Corría el año 2005 cuando Alberto Cañedo ganó la alcaldía de Carcaboso, un pueblo de unos 1.300 habitantes del norte de Extremadura. El proyecto que impulsó en el municipio tenía una marcada sensibilidad social y una innovadora mirada ecologista, siendo esta última la que situaría este pequeño pueblo en el mapa de las políticas municipales. En el lapso de unos años pocos años este fue el primer municipio extremeño en declararse libre de transgénicos, puso en marcha huertos de ocio agroecológicos, jardines comestibles, un gallinero comunitario, huertos escolares y un Centro Agroecológico Demostrativo. El impacto de este último proyecto, con sus actividades formativas y de divulgación práctica, impulsaron la concesión en 2011 de un premio del Congreso Nacional del Medio Ambiente CONAMA a municipios menores de 5.000 habitantes.
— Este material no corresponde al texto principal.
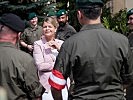 Klaudia Tanner mit den Milizsoldaten. (Bild öffnet sich in einem neuen Fenster)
Esta sería una ilusionante historia sobre las potencialidades transformadoras del municipalismo, de cómo la gestión pública puede ponerse al servicio de la ciudadanía y del territorio, un referente inspirador para otros pueblos. Sin embargo, Alberto, uno de los protagonistas principales de este cambio, se encuentra a punto de entrar en prisión al ser condenado por prevaricación y delitos urbanísticos; los mismos que suelen asociarse a los corruptos.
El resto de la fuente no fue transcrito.